*DATA TO EXAMINE:*
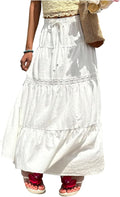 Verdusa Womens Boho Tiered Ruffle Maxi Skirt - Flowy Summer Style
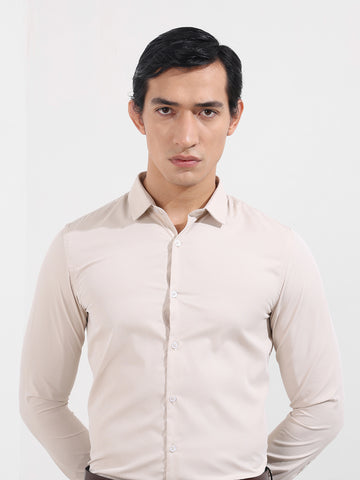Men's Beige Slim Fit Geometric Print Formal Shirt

---

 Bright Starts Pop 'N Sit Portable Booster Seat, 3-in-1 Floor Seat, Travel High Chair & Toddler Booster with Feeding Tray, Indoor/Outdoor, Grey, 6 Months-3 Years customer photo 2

==

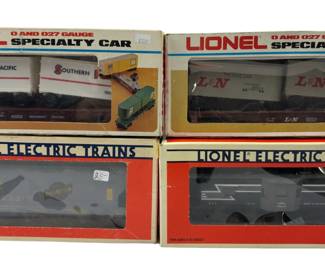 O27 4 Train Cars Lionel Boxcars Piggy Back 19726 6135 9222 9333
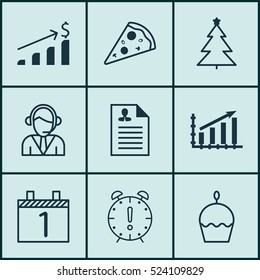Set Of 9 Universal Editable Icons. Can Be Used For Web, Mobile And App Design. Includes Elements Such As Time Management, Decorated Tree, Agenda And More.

*WORK REQUIRED:* What's needed is an exact copy of the lines above from the one with "Verdusa Womens Boho" through the one with "Men's Beige Slim", both included; the pictures stay out.

*COMPLETED TASK:*
 Verdusa Womens Boho Tiered Ruffle Maxi Skirt - Flowy Summer Style
Men's Beige Slim Fit Geometric Print Formal Shirt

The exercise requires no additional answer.